§ MATERIAL PROVIDED
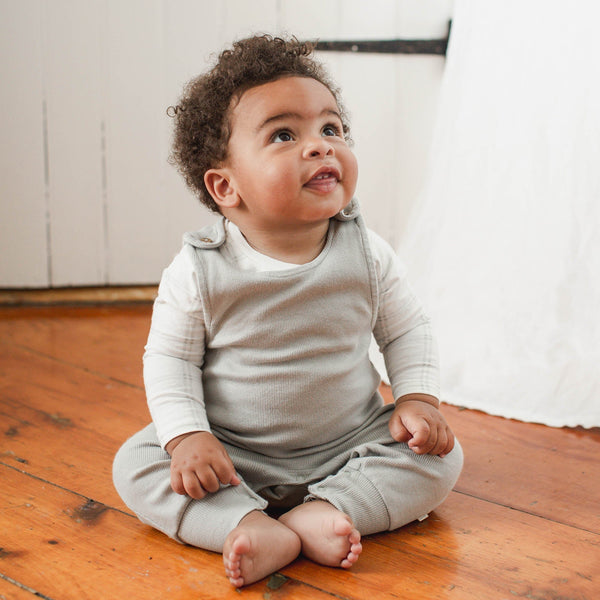 Plaid Jumpsuit & Bodysuit Set - Hazy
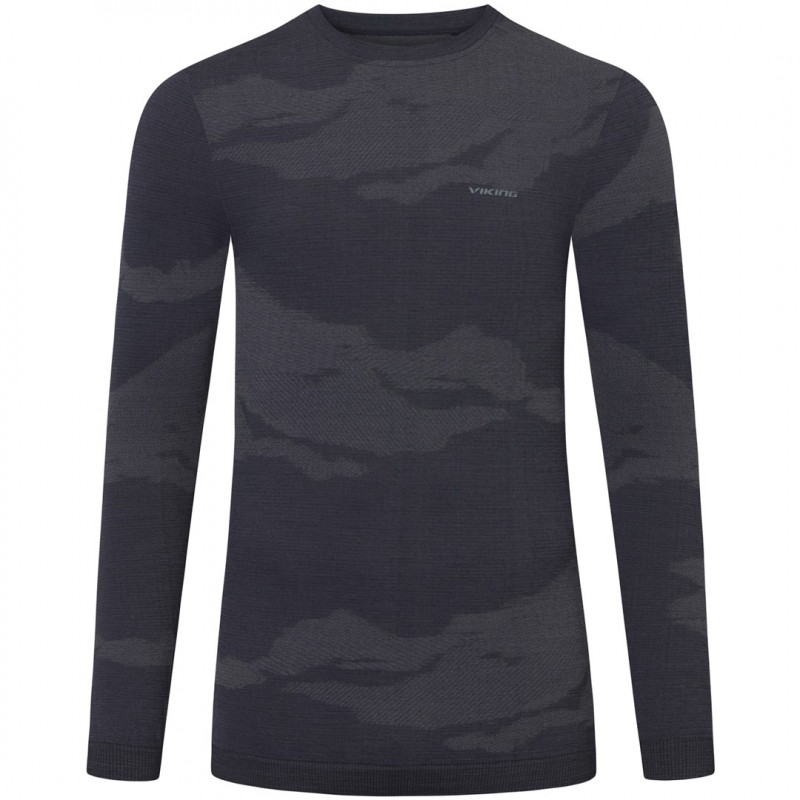 VIKING Gasher Man Set Merino pánske spodné prádlo, veľkosť L, tmavomodrá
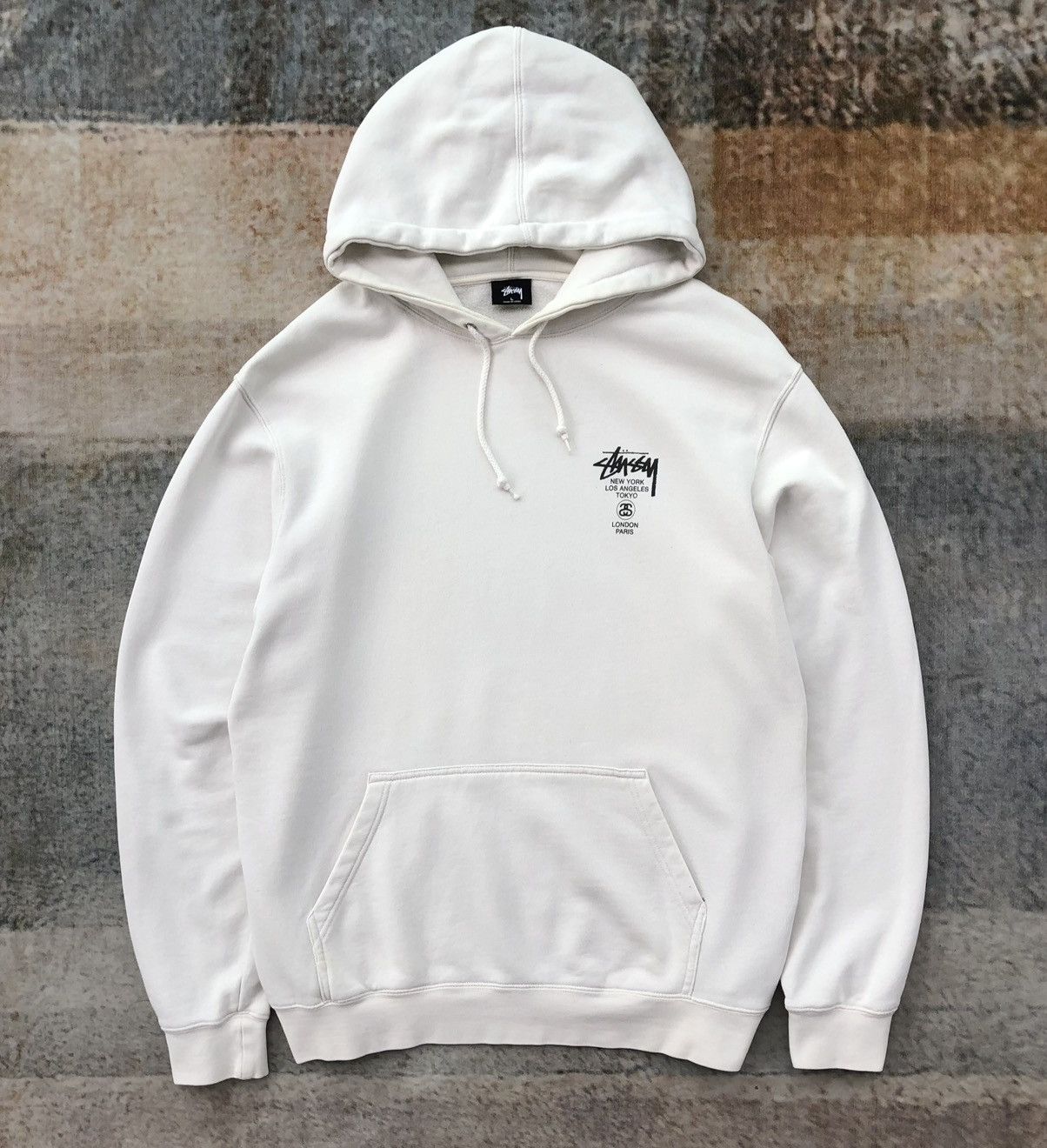 Stussy Vintage Hoodie Stussy World Tour Big Logo Hooded Sweatshirt Size US L / EU 52-54 / 3 - 5 Thumbnail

§ EXERCISE BRIEF
What you return must match the data above exactly, with no images included.

§ TASK RESULT
 Plaid Jumpsuit & Bodysuit Set - Hazy
 VIKING Gasher Man Set Merino pánske spodné prádlo, veľkosť L, tmavomodrá
 Stussy Vintage Hoodie Stussy World Tour Big Logo Hooded Sweatshirt Size US L / EU 52-54 / 3 - 5 Thumbnail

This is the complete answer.